Words that are fun to say :

          These are just some amazing words to pronounce. Go on, have at it !

  • Gingembre (ginger)
  • Pamplemousse (grapefruit)
  • Libellule (dragonfly)

Bethany Untied Auchettl, 18/10/2011

  • Concombre (cucumber)
  • Caoutchouc (rubber) (I learned this word from watching the amazing film Indochine.)
  • Agrafeuse (stapler)
  • Soupçon (suspicion, hint)
  • Un taxi attaque six taxis (one taxi attacks six taxis) I would be remiss if I didn’t include a vire-langue in this list, and this one is my favorite ! (When said, it should sound like un taxi ah-taxi taxi.)
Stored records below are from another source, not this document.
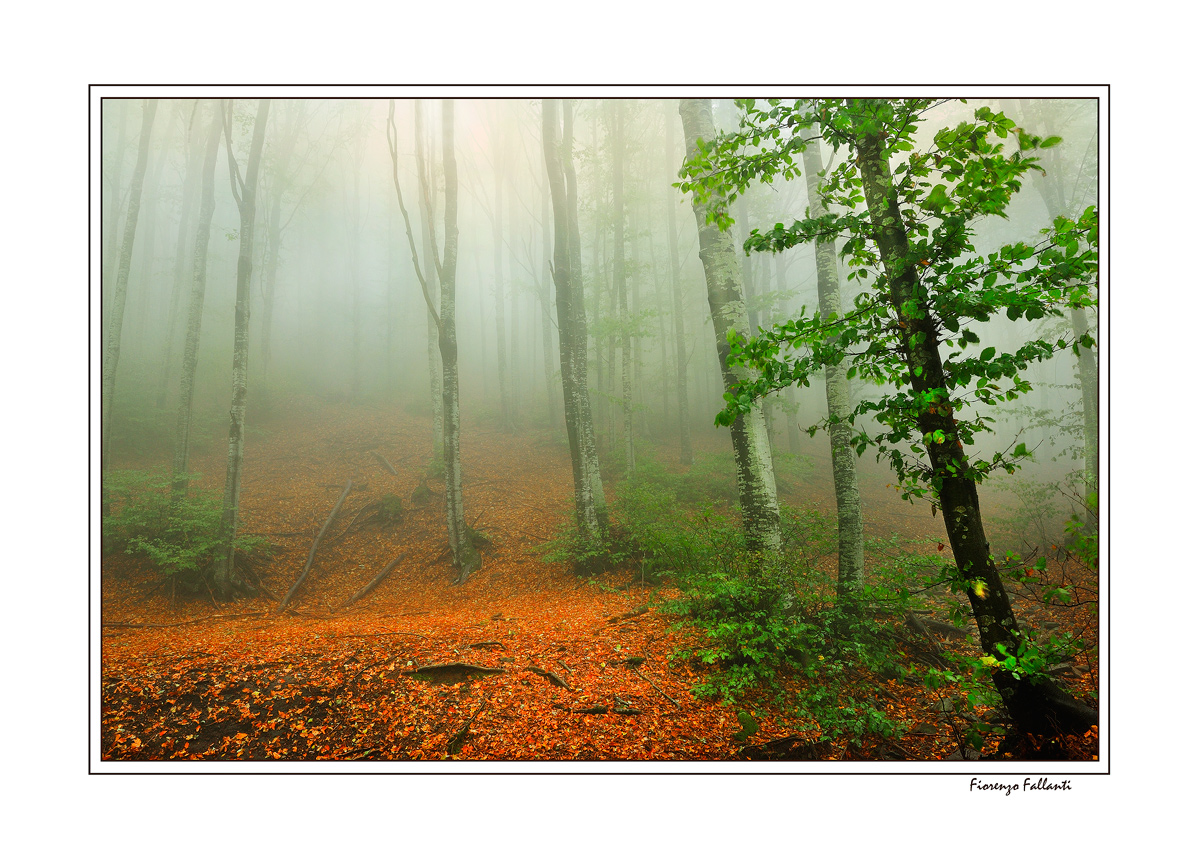 ...ALITI D'AUTUNNO...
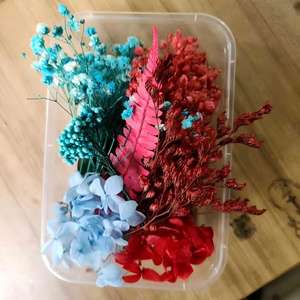 Kit de fleurs séchées et stabilisées mélangées en gros <span class=keywords><strong>pour</strong></span> moules en résine époxy, remplissage de pots à bougies, décoration artisanale DIY, cartes d'invitation de mariage - Product Image 6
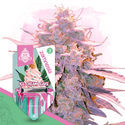 Desserts Pack - Feminized Strains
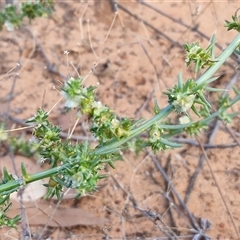 Salsola australis at Petermann, NT - 15 Apr 2025 07:45 AM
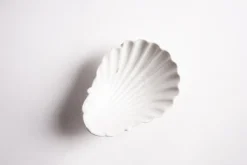 Piattino Conchiglia Ginori '800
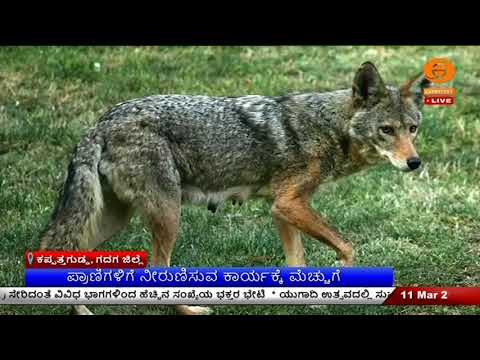 ಬೇಸಿಗೆಯಲ್ಲಿ ನೀರಿಗಾಗಿ ಪ್ರಾಣಿಗಳ ಹಾಹಾಕಾರ | ಪ್ರಾಣಿಗಳಿಗೆ ನೀರುಣಿಸುವ ಕಾರ್ಯಕ್ಕೆ ಮೆಚ್ಚುಗೆ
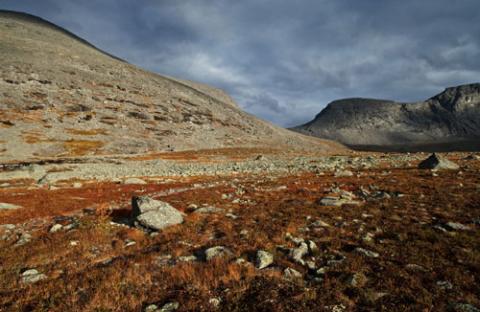 Ngắm sắc vàng thu trên dãy núi Hibiny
I hope you’ve enjoyed my small collection of cool French words. Please, feel free to add your own to the list.

What words do you just absolutely adore for some reason or another ?



Join the conversation

7 Comments




  1. Judy MacMahon
    8 years ago

    Bethany congratulations! you are certainly a ‘Prestidigitateur’ with french words! Thank you Judy


  2. Sab Will
    8 years ago

    Hi Bethany, that is a beautiful article. Arc-en-ciel is probably one of my favourites. If you want hard to pronounce, you should try ‘serrurerie’, I’ve never been able to manage it.
    I too love funny word happenings, look:

    http://snail.hotchpotchenglish.com/

    Have fun, ;~Sab


  3. Laura Griffin
    8 years ago

    My favourite is ‘parapluie’ especially when Bob says it!


  4. Emmanuelle Tremolet
    8 years ago

    I didn’t realise that we have so “special” french word! I use them everyday but today when I say them I laugh ! Thank you Bethany.


  5. Emmanuelle Tremolet
    8 years ago

    J’en ai trouvé d’autres : le gratte-ciel, l’ouvre-boite, le tire-bouchon.


  6. Bethany Untied
    8 years ago

    Merci Judy ! 🙂

    Sab- je n’arrive pas a prononcer serrurerie ! 😛

    Emmanuelle- je blague pas- ces trois mots étaient dans la version originale ! Il me fallait supprimer plusieurs exemples pour que l’article soit assez court ! Great minds think alike ! 🙂


  7. edurne19
    7 years ago

    I don’t know why, but I like a lot the word “sortilège” (magic spell, sort, enchantment).
    Regarding funny french words, I would add “tintinnabuler”, “boui-boui”, “ratiboiser”, “méli-mélo”, “bric-à-brac”, “de bric et de broc”, “fanfreluches”, “escopette”, “potron-minet” and “presse-purée”- well, there are plenty other ones but I can’t recall them all.
    And I’ve got another virelangue for you : si six scies scient six cyprès, six cents scies scient six cents cyprès ! Good luck with this one !
    And finally, a great creative insult : Résidu de fausse couche d’iguane vérolé !!
    As a matter of fact, I’m collecting funny old colloquialisms from the countryside (my parents seem to know an endless collection of them)and here one of them :
    Aller regarder les feuilles à l’envers (go watching the leaves from beneath): aller tirer un coup (faire l’amour) dans les bois.
    If you want more of them, let me know.